Problem to solve :: Print each line exactly, from the one with "Flat lay of" to the very last line of the listing, and keep the pictures out.

Raw data ::
···

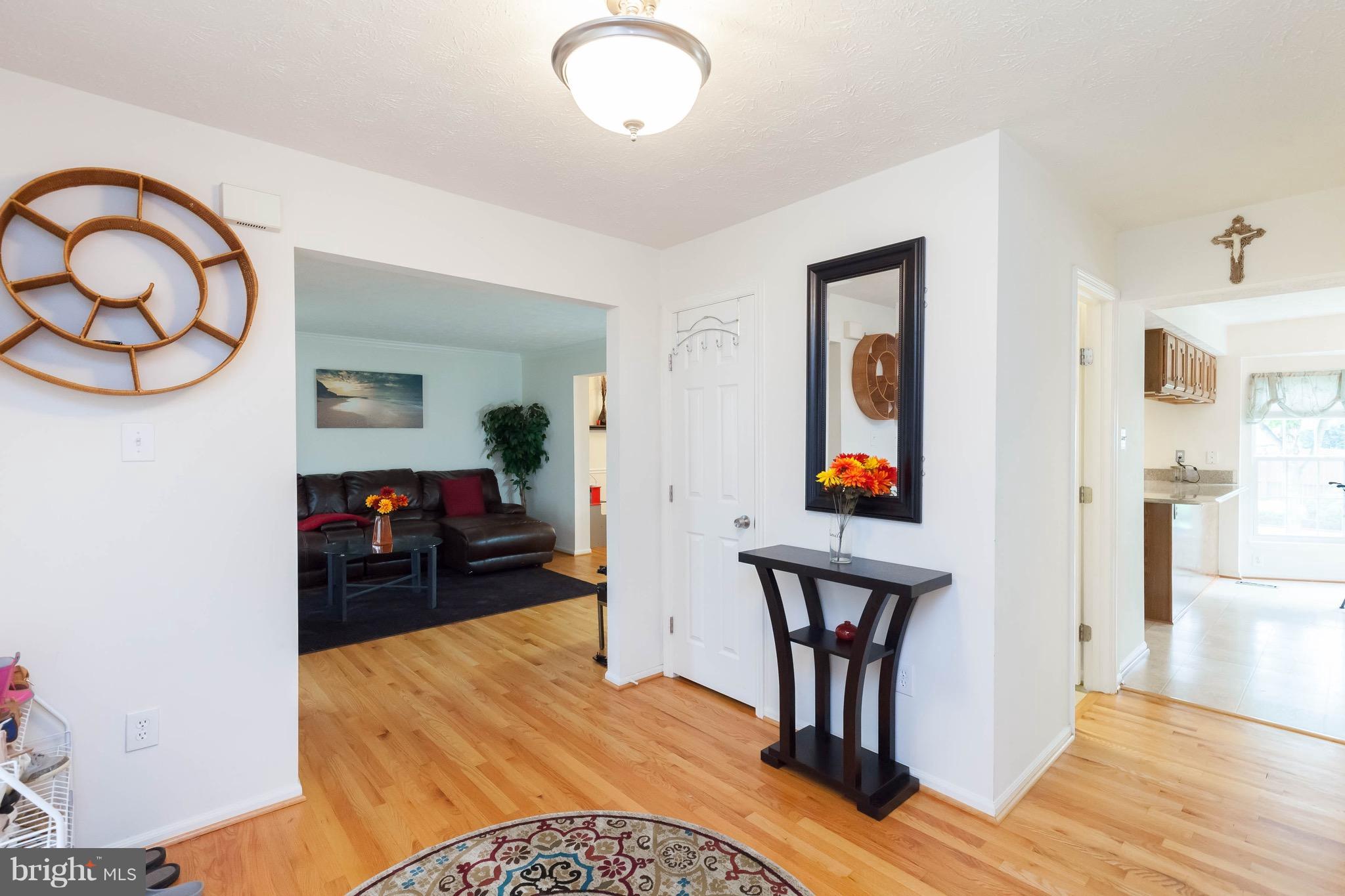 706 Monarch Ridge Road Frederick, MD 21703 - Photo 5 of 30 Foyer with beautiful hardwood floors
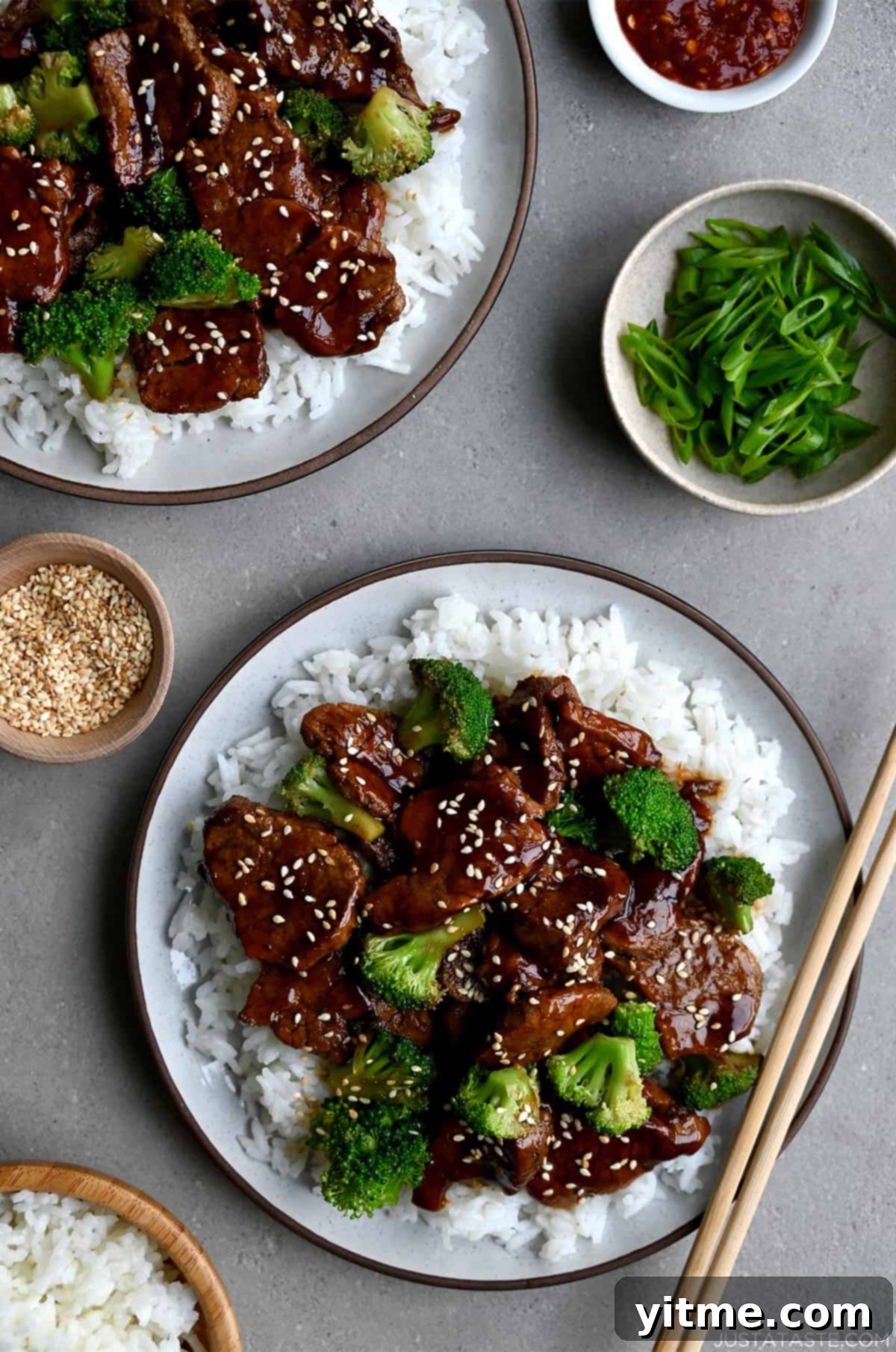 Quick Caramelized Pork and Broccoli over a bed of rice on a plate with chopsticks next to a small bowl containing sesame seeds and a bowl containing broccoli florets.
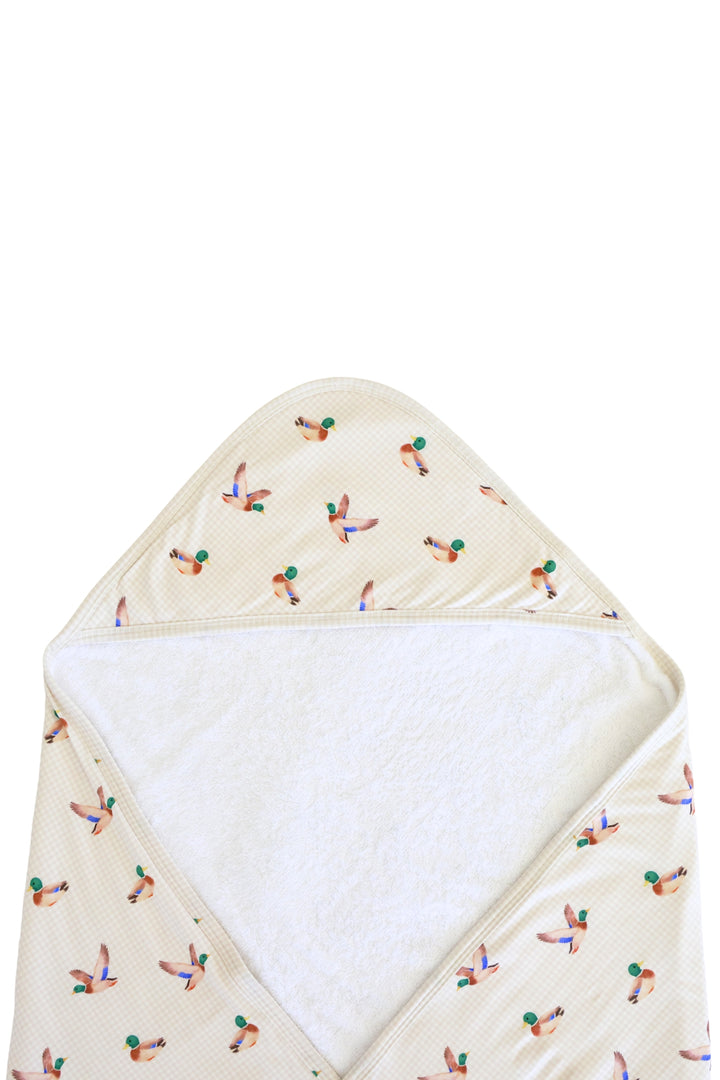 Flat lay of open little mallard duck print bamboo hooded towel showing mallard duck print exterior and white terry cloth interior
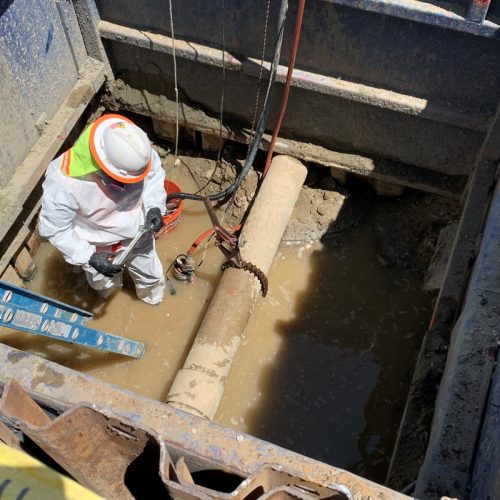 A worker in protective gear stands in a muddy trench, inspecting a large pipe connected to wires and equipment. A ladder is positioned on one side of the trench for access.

···

Exercise answer ::
 Flat lay of open little mallard duck print bamboo hooded towel showing mallard duck print exterior and white terry cloth interior
 A worker in protective gear stands in a muddy trench, inspecting a large pipe connected to wires and equipment. A ladder is positioned on one side of the trench for access.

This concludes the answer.